PC-operated battery maintenance systems offer several services, one of which is marking all batteries with a permanent ID number. A printer generates these labels in bar code format. To service a battery, the user simply scans the label and inserts the battery into the analyzer. Past battery performance data are made available that may also include purchasing dates, vendor information and pricing. Figure 3 illustrates such a system.

Another service method is attaching a label that displays the last service, due date, capacity and internal resistance. Figure 4 illustrates such a label. The system is self-governing in that a prudent user will only pick a battery that has been serviced and meets the capacity requirements. Expired packs are analyzed and if the capacity requirements are met, relabeled and returned to service.

Most fleet operations use 80% as a battery pass/fail criterion. A day’s work is not complete without also examining the reserve capacity before recharge, and a battery analyzer can perform such spot checks. If the lowest-performing battery in the fleet still has 20–30% reserve, then the target capacity can be lowered to 70%. Such fine-tuning finds the sweet spot between risk management and economics.

Battery analyzers also perform incoming inspections. A new vendor may offer a lower-priced pack but the performance, consistency and longevity are unknown. The analyzer automatically cycles the battery and stops at selected target capacity, storing the cycle count, voltage and temperature characteristics.

Rechargeable batteries do not die suddenly but the capacity diminishes gradually. Batteries in daily use should be serviced once every 1–3 months. The time required is minimal; analyzing a battery fleet with an automated battery analyzer requires only about 30 minutes per day. A four-station battery analyzer offers a throughput of about 160 batteries when done on a monthly maintenance schedule.

In-house battery maintenance is not practical for everyone and large organizations hire outside firms to provide this service. The incoming battery specialist will first validate all batteries by a full analysis and replace packs that do not meet the capacity threshold. Good batteries are identified with a service label and returned. Test intervals and capacity threshold will need to be agreed prior. A two-tier system may be installed in which lower-capacity batteries are reassigned to less critical applications. Such a maintenance procedure leads to higher reliability and lower operating costs.

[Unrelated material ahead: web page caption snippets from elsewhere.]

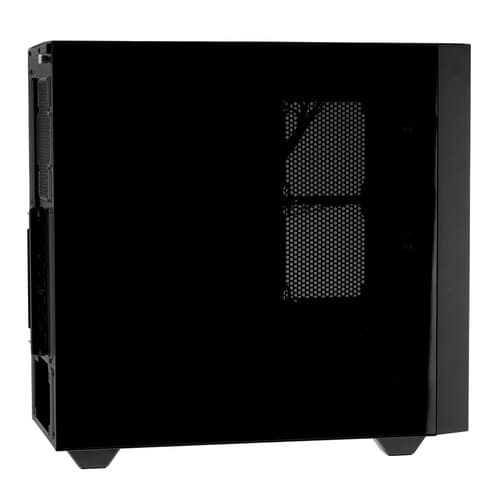 Корпус Chieftec Night Hunter [GS-03B-BLK-OP] черный thumb 33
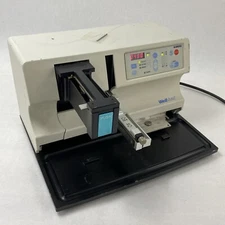 Thermo Scientific Matrix WellMate Microplate Dispenser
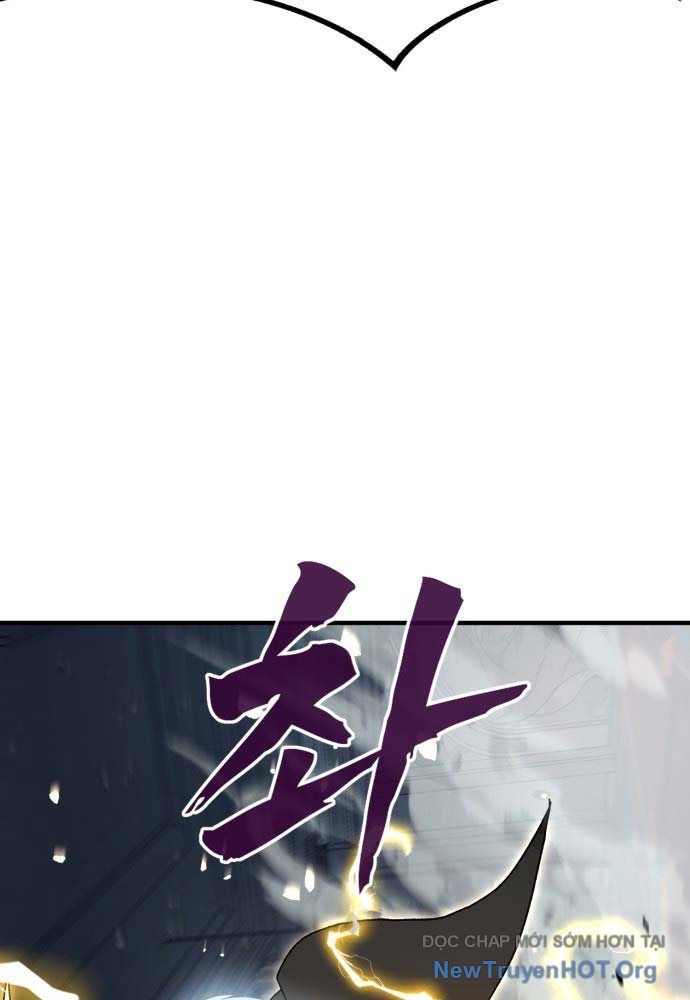 page 341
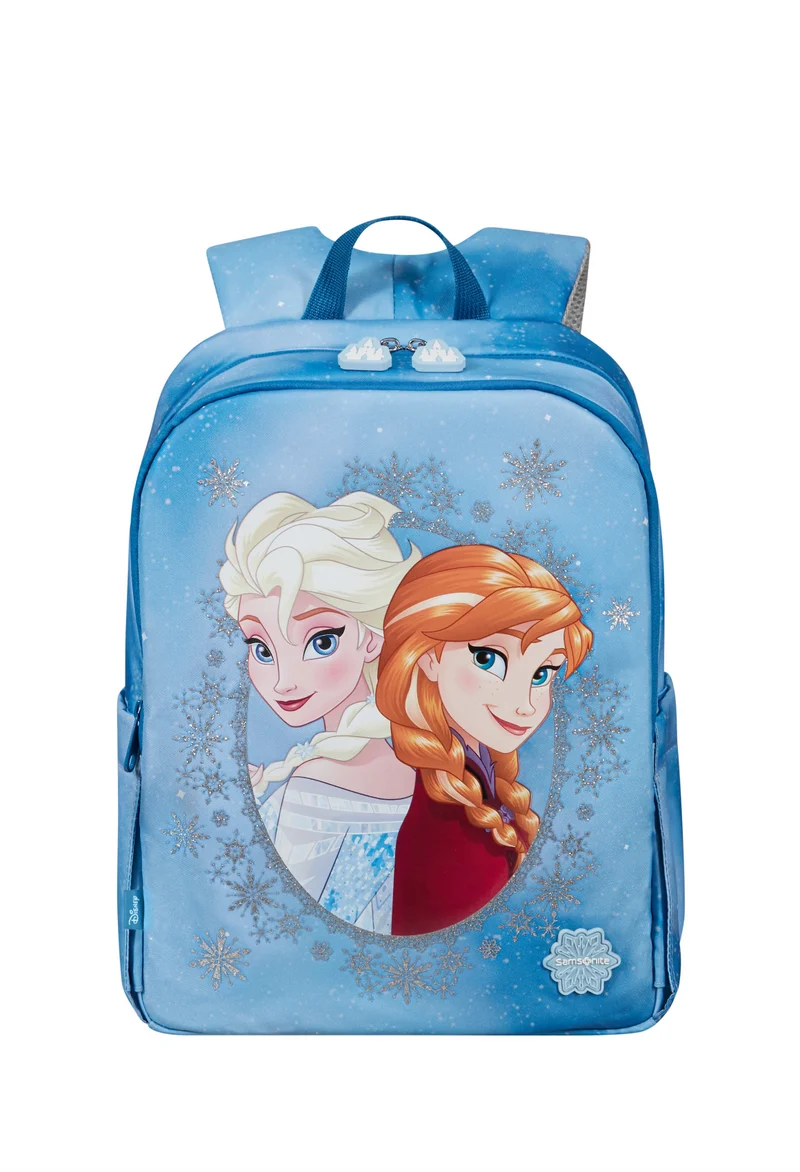 Samsonite Daydream Disney Children's backpack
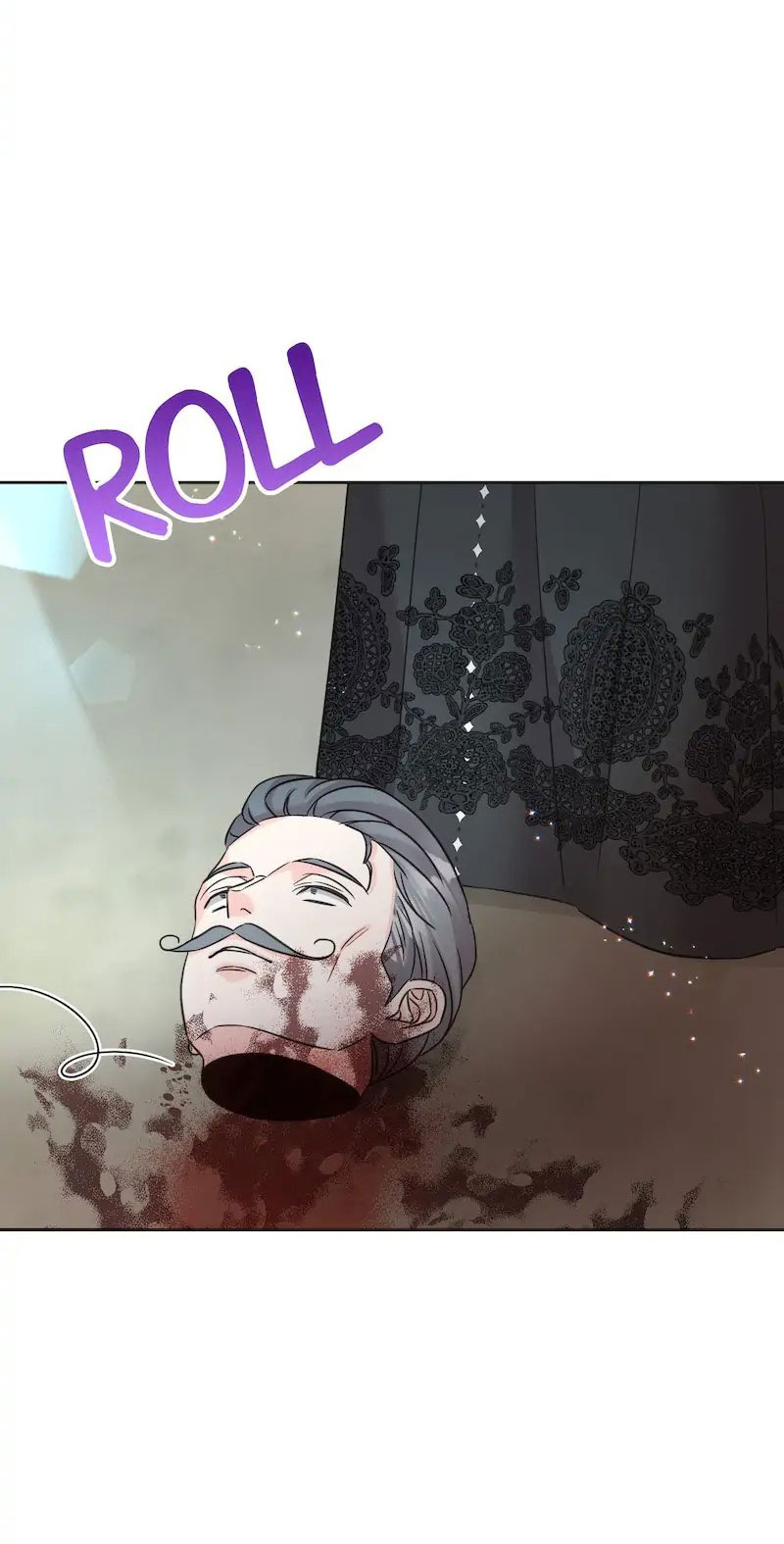 tôi sẽ cứu nam phản diện bị nữ chính ruồng bỏ chapter 87 53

Batteries in warehouse logistics

Many IT Managers are faced with the daunting task of keeping battery replacement costs down and system reliability high. Some device manufacturers recommend replacing the battery annually, but such advice only suits the battery supplier as the cost and environmental impact would be prohibitively high. Batteries have improved, so has the service life. In addition, some applications are energy savvy and batteries with capacities as low as 70% can power the scanner for an entire shift. There is no need to replace these batteries too soon, but the state-of-health of the fleet batteries must be known.

An IT manager of a warehouse logistics facility in the USA says this about their newly installed battery management system (paraphrased).

“Experiencing continuous high battery replacement costs, we purchased a battery maintenance system. After only four months of use, we saved over $6,800 using the CADEX C7400. Next year we hope to save over $10,000. The ability to analyze our battery inventory has not only reduced our yearly cost on new batteries but also lowered downtime for employees. Batteries last for the full shift; defective batteries are identified and removed immediately.”

Battery maintenance eliminates battery-related breakdowns and saves money. The payback of a modern battery analyzer is typically less than one year; improved reliability and environmental benefit are side benefits. Operation is simple and the required service time per day is short.